Les exportations agricoles, en particulier celles de soja, contribuent davantage qu'une réindustrialisation hésitante à l'apparent miracle économique argentin. L'agro-alimentaire exporté assure à l'Argentine plus de la moitié de ses rentrées annuelles de devises. Cette prépondérance est accentuée par l'envolée du cours des céréales sur les marchés internationaux, cours soutenu par la consommation croissante de la Chine et de l'Inde et par la production de biocarburants qu'encourage la flambée du prix du pétrole.

Déjà sous Nestor Kirchner, le gouvernement argentin taxait les exportations agricoles pour, à la fois, répartir solidairement une portion des gains du secteur, ralentir la tendance à la monoculture du soja qui menace l'autosuffisance alimentaire et réduire l'inflation en retenant sur le marché intérieur une part significative de la production.

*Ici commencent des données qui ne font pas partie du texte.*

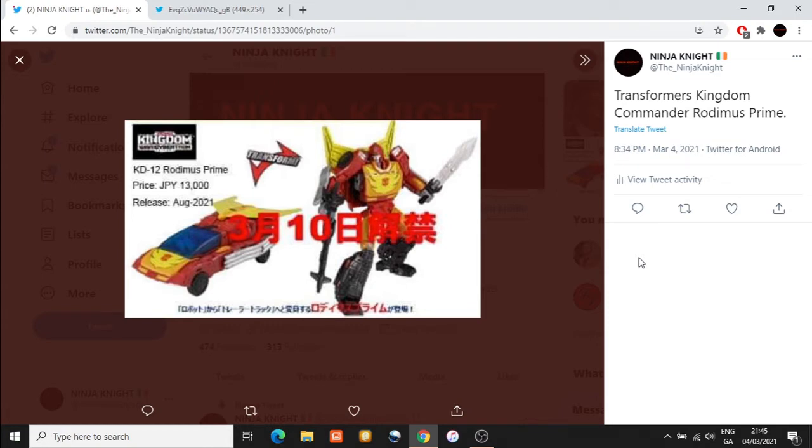Here we have a forced image of Transformers Kingdom Commander Class Rodimus Prime. This was something that had been rumored over the last couple of months, and for a lot of fans who had seen this leaked listing beforehand, we were concerned whether this would be an animal version of Rodimus Prime or a G1 version.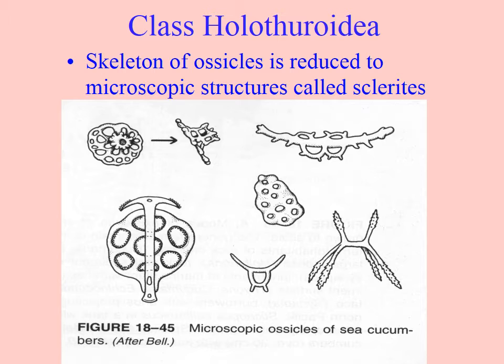They have ossicles, just like the rest of the Echinodermata. In this class they're reduced to very small structures. Their main defense isn't the ossicles, and they're not the main structural component either, but they are reduced to microscopic ones that you can use to identify the species, much like you can use spicules in porifera.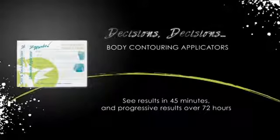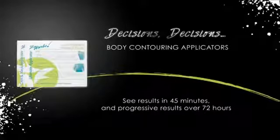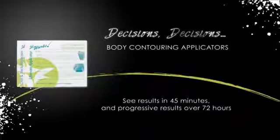The ultimate body applicator can be applied to many areas of the body such as the abdomen, legs, or arms for truly custom contouring results. The chin and neck applicator uses the same super effective formula and comes in a shape designed specifically to fit the chin and neck area.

Mais alors qu'elle avait promis une vaste concertation sociale lors de son investiture, Cristina Kirchner, moins de cent jours après son intronisation, faisait annoncer sans préavis par son ministre de l'Economie, Martin Lousteau, un bond de 9 points, de 35 à 44% (soit une augmentation effective de 25,7%) des taxes sur les exportations de l'or vert qu'est devenu le soja. Celles de tournesol et d'autres produits de la terre sont aussi frappées de prélèvements additionnels. Cette ponction supplémentaire annuelle de 2,5 milliards de dollars sur la fortune présumée du monde agricole tient peu compte des coûts qu'il doit assumer en fonction d'une inflation chiffrée par les analystes indépendants à 20% en 2007. Ce taux élevé pénalise surtout les petits exploitants. L'inflation officielle n'affiche, elle, qu'un taux annuel de 8%. Vu le rythme de la valse des prix, il s'agit d'une insulte à l'intelligence.

Première mauvaise surprise pour Cristina Kirchner, qui misait sur la traditionnelle division entre nantis et nécessiteux dans les campagnes: les quatre associations promotrices de la fronde et qui regroupent 290.000 producteurs, dont les puissants de la Sociedad Rural et les modestes de la Federación Agraria, ont réagi ensemble, suspendant la commercialisation de leurs produits et dressant sur les routes des piquetes (barrages) semblables à ceux qu'érigeaient les célèbres piqueteros lors du cataclysme économique des premières années de ce millénaire. On comptait le 24 mars quelque 400 piquetes dans l'ensemble du pays, soit largement plus qu'au premier semestre 2002, pire période du drame social que vivait alors l'Argentine. Viande, lait, fruits et légumes se font rares dans les super-marchés. Toutes les marchandises transportées par route étant retardées par les barrages, diverses industries entrent en chômage technique.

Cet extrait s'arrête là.